**Action item**
Your response should consist of the entries below, reproduced exactly and without their images.

Captioned web images

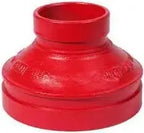 Fire Protection Grooved Reducer VG250 Secure Transition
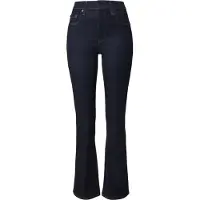 Levi's para mujer. 18759-0349 Jeans 725 high rise bootcut marino (28/30), Casual, Algodón, Denim, outlet 2026.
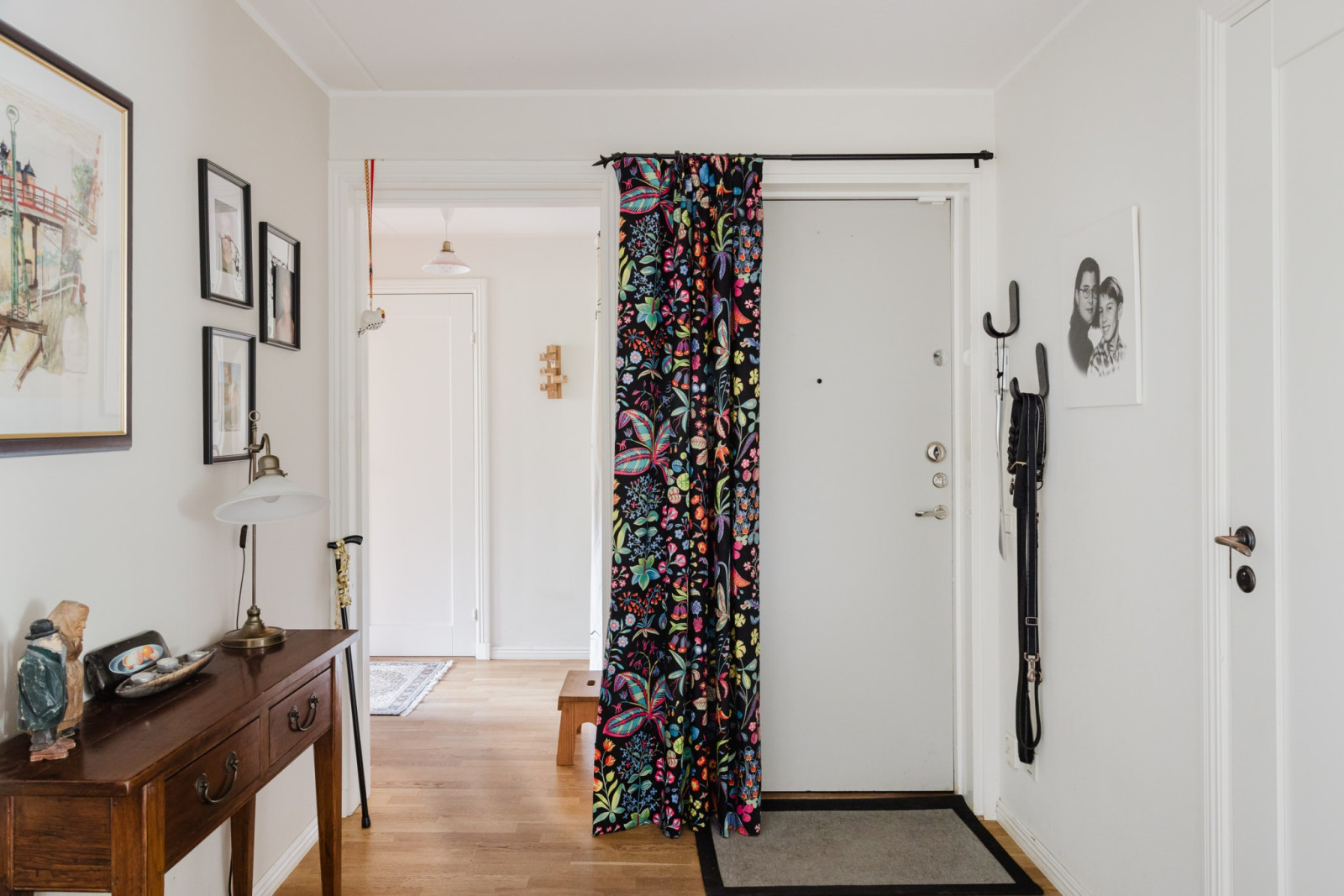 Hall Säbytorgsvägen 45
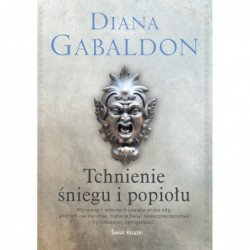 Tchnienie śniegu i popiołu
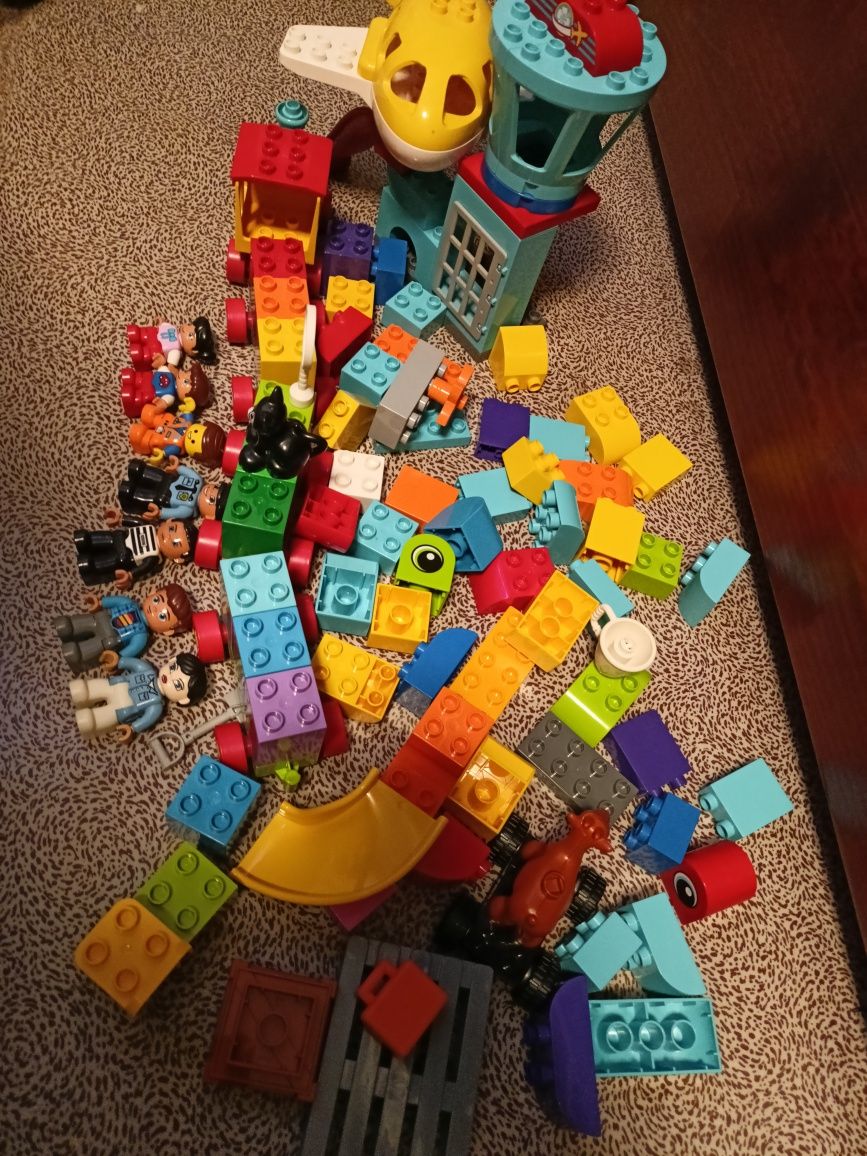 Lego Duplo лего дупло конструктор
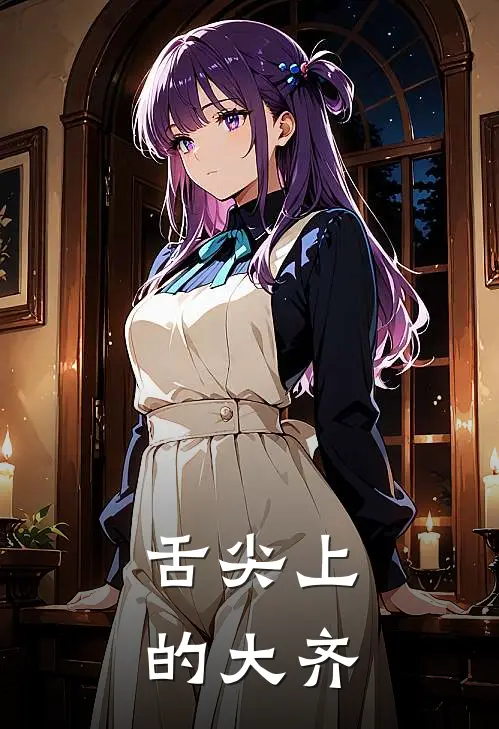 舌尖上的大齐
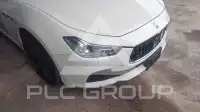 2015 Maserati GHIBLI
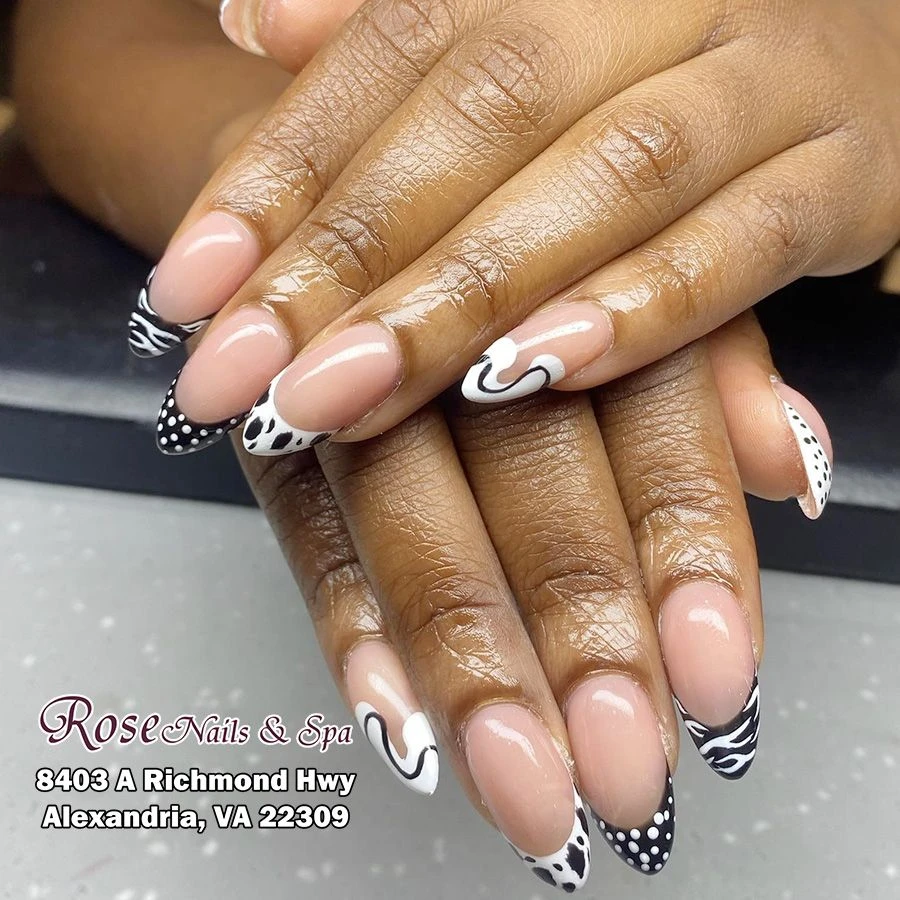 Nail September 10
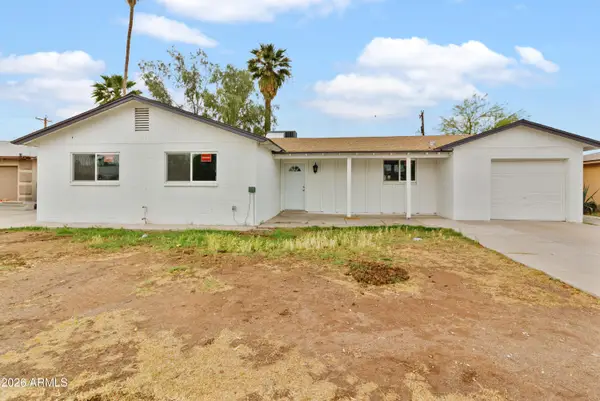 5647 W Roma Avenue, Phoenix, AZ 85031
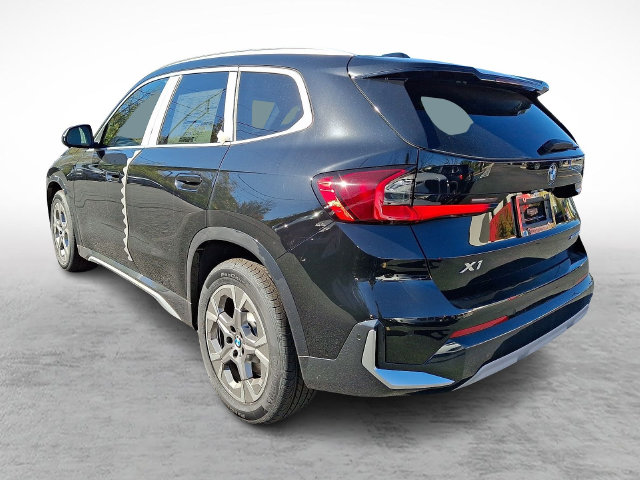New 2026 BMW X1 xDrive28i SUV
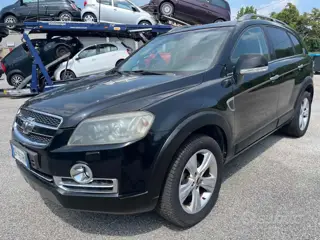 Chevrolet Captiva 564183865 Usato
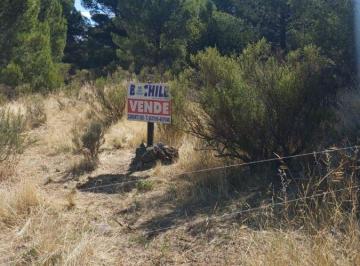 Terreno , Tornquist · Lote en Venta - Villa Serrana La Gruta - Tornquist
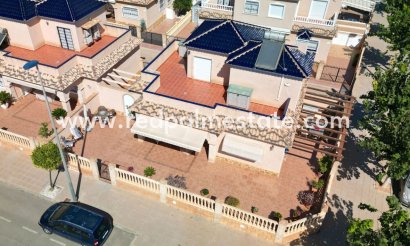 Villa - Reventa - Pilar de la Horadada - Costa Blanca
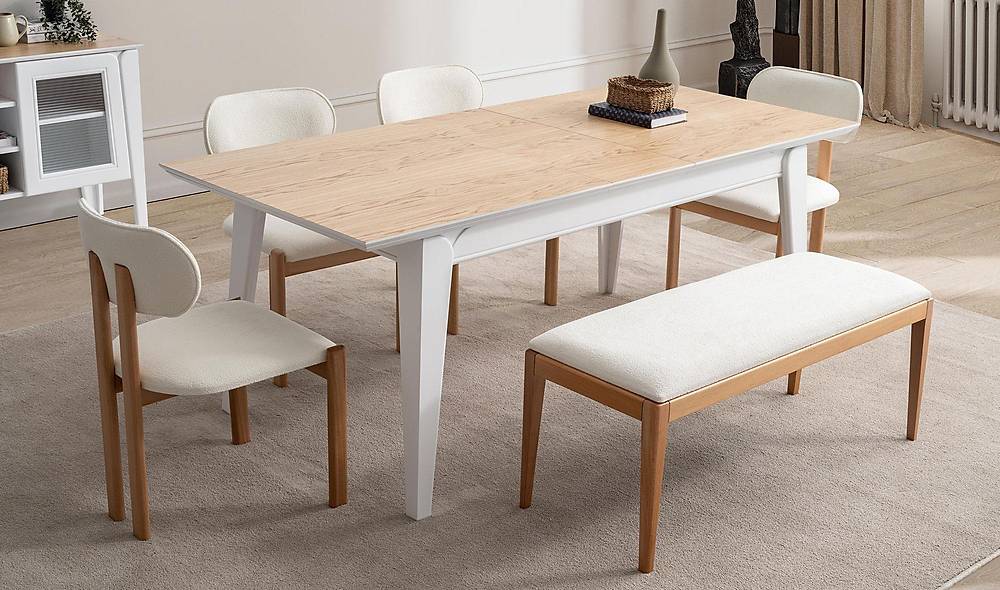 İnpera Dining Table Set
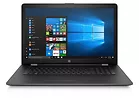 Laptop HP 17-BS067CL i7-7500U/17.3
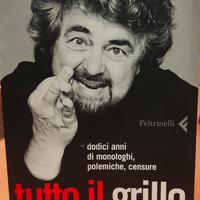 Tutto il Grillo che conta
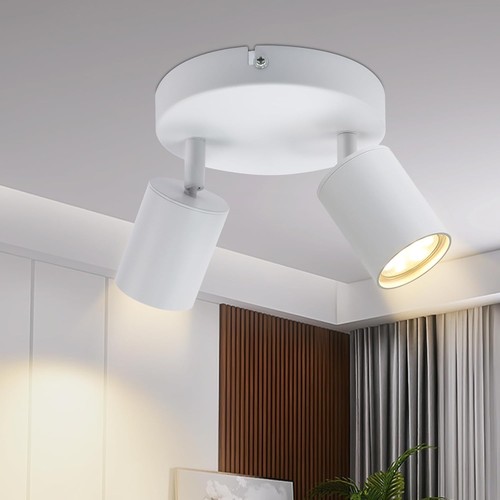 Gu10 deckenleuchte led - deckenleuchte,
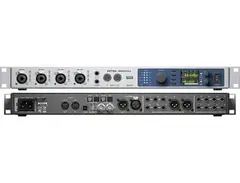 RME Fireface UFX II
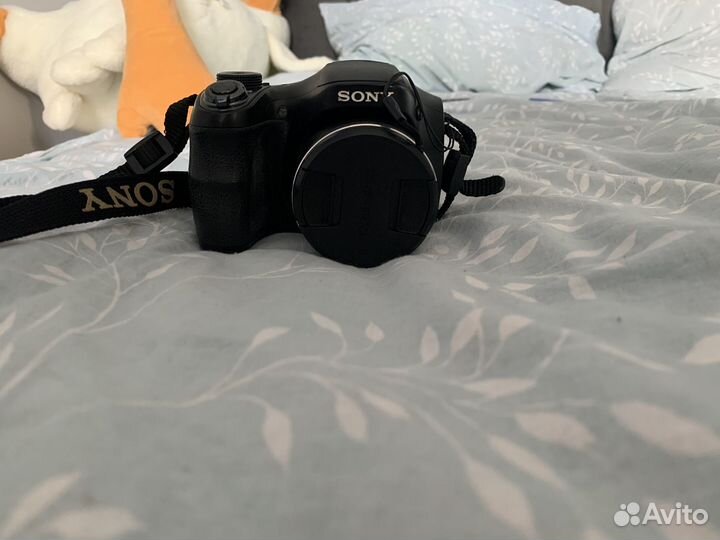 Продам фотоаппарат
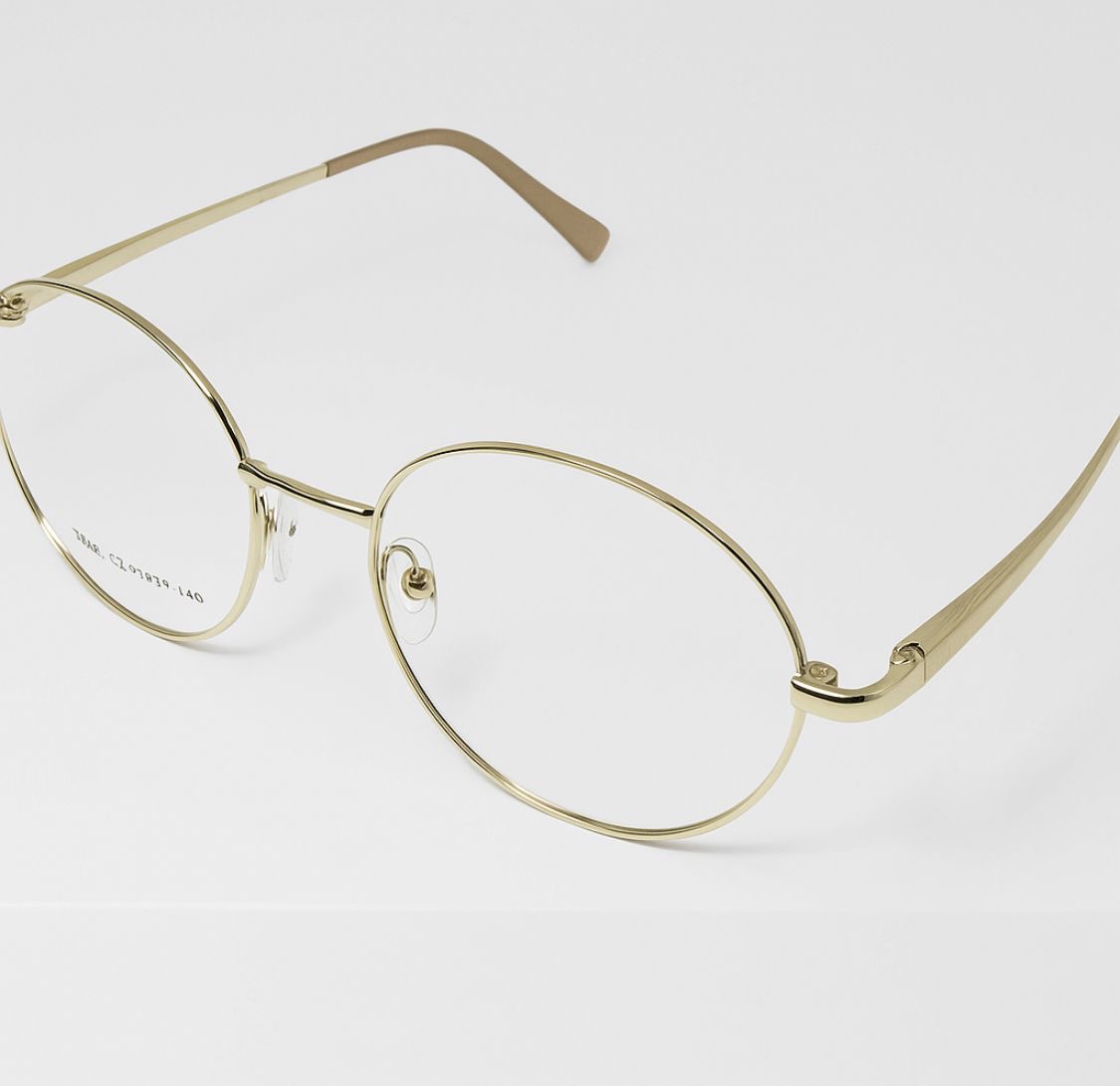 Armazones de Metal Premium 7006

**The answer**
 Fire Protection Grooved Reducer VG250 Secure Transition
 Levi's para mujer. 18759-0349 Jeans 725 high rise bootcut marino (28/30), Casual, Algodón, Denim, outlet 2026.
 Hall Säbytorgsvägen 45
 Tchnienie śniegu i popiołu
 Lego Duplo лего дупло конструктор
 舌尖上的大齐
 2015 Maserati GHIBLI
 Nail September 10
 5647 W Roma Avenue, Phoenix, AZ 85031
New 2026 BMW X1 xDrive28i SUV
 Chevrolet Captiva 564183865 Usato
 Terreno , Tornquist · Lote en Venta - Villa Serrana La Gruta - Tornquist
 Villa - Reventa - Pilar de la Horadada - Costa Blanca
 İnpera Dining Table Set
 Laptop HP 17-BS067CL i7-7500U/17.3
 Tutto il Grillo che conta
 Gu10 deckenleuchte led - deckenleuchte,
 RME Fireface UFX II
 Продам фотоаппарат
 Armazones de Metal Premium 7006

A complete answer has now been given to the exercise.